La faune et la flore disparaissent inexorablement en planète. «  Nous l’ensemble des perdons à united nations rythme inédit », assure Jane Wise, directrice en conservation au sein de l’Union internationale pour la conservation en nature (UICN). Celle-ci a publié dimanche 4 septembre l’actualisation de sa fameuse liste rouge plusieurs espèces menacées, et le constat est très inquiétant. Sur l’ensemble des 82 954 espèces animales et végétales prises en compte, 23 928 sont qualifiées de menacées, dont 5 107 sont en « danger critique », 7 602 « en danger » et 11 219 sont considérées comme « vulnérables ». Cet inventaire a été réalisé componen ce vaste réseau de protection de l’environnement auxquels collaborent environ 10 000 experts internationaux et adhèrent ONG et gouvernements.
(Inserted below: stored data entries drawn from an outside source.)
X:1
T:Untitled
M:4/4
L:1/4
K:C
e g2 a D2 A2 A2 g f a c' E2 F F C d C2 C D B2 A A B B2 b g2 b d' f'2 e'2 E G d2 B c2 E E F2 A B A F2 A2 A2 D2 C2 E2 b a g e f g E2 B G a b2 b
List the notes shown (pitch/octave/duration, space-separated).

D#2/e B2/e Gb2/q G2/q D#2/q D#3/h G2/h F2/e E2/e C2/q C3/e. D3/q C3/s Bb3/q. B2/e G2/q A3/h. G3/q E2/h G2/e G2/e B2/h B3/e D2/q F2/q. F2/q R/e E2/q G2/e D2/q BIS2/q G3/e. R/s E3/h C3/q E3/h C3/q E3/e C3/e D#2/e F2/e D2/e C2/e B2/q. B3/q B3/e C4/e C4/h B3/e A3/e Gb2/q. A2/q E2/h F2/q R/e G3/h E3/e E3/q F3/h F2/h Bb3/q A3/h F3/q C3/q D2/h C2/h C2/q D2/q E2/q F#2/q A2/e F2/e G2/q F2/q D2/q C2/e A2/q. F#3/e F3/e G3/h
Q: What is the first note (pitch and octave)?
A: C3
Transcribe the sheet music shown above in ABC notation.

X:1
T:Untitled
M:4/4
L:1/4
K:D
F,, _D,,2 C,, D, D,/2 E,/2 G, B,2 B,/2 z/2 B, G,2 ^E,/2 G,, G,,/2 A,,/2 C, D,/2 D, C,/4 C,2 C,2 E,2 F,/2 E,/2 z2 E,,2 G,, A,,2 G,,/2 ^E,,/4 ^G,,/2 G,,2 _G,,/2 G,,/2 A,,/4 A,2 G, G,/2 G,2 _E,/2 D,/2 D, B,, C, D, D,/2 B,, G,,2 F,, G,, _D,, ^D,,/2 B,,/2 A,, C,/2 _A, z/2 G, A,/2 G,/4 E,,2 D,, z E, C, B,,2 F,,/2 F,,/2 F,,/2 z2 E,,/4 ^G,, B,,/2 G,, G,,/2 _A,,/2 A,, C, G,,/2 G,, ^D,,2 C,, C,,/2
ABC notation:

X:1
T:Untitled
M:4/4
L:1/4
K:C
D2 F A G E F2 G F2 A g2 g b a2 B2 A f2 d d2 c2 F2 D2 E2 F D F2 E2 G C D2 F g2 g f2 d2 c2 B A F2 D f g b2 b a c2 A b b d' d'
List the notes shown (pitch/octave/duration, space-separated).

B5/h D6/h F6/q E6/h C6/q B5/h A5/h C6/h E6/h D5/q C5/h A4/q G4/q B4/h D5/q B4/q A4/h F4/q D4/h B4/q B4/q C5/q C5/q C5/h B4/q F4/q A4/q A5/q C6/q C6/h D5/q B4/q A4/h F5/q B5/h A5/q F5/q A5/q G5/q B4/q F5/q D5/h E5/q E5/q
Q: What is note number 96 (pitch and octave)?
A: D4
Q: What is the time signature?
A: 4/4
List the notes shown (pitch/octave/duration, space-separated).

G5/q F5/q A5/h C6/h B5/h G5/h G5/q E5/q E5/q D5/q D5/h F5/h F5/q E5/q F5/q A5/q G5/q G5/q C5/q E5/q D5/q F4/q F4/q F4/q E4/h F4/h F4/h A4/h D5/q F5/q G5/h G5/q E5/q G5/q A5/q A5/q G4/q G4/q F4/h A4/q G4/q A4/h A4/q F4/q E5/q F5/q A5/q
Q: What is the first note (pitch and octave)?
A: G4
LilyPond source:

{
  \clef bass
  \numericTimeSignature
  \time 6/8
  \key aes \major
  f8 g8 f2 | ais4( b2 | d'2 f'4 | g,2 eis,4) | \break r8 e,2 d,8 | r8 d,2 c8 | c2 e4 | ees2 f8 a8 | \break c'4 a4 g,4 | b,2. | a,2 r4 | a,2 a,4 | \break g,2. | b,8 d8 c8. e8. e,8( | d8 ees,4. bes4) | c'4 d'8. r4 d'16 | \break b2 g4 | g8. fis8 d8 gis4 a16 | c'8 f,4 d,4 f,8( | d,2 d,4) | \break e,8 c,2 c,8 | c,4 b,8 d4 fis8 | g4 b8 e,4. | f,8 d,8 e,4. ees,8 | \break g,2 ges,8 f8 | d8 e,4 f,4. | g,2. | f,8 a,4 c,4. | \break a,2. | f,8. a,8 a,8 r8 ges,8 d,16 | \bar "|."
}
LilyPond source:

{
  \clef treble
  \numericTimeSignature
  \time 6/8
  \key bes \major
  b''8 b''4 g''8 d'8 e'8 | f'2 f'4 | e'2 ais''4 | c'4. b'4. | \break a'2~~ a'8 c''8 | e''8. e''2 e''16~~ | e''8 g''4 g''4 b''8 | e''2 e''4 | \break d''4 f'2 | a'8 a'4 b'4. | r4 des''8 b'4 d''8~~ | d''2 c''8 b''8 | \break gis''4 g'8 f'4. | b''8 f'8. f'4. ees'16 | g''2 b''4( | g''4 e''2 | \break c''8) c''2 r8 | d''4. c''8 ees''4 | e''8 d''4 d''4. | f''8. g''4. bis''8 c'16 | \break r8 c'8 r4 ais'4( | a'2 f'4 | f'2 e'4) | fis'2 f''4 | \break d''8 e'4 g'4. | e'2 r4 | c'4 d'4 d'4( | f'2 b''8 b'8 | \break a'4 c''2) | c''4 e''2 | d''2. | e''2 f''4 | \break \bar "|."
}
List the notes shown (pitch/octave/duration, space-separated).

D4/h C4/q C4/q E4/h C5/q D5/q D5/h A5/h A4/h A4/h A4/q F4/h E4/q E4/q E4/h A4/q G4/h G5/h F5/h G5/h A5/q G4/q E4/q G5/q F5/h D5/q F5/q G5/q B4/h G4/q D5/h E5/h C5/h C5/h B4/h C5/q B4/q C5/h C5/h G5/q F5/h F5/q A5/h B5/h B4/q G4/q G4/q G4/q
La dernière actualisation générale en liste rouge datait de 2009.

Aucune région n’échappe plus au déclin, vehicle le patrimoine vivant est désormais majoritairement victime en perte d’habitats naturels. L’ensemble des espèces ne résistent pas à la dégradation générale de leur environnement – réduit, fragmenté, pollué ou peut-rrtre un carrément détruit. Le réchauffement climatique accentue la pression avec boy lot de sécheresses et de tempêtes  la chasse et la pêche ajoutent à l’hécatombe. Tout ce que l’humain convoite : peau, viande, corne, défenses, griffes, fourrure, place irrémédiablement leurs propriétaires sur la liste plusieurs espèces « vulnérables », « en danger » ou peut-rrtre un, pire, l’ensemble des conduit à rejoindre la catégorie « en danger critique d’extinction ».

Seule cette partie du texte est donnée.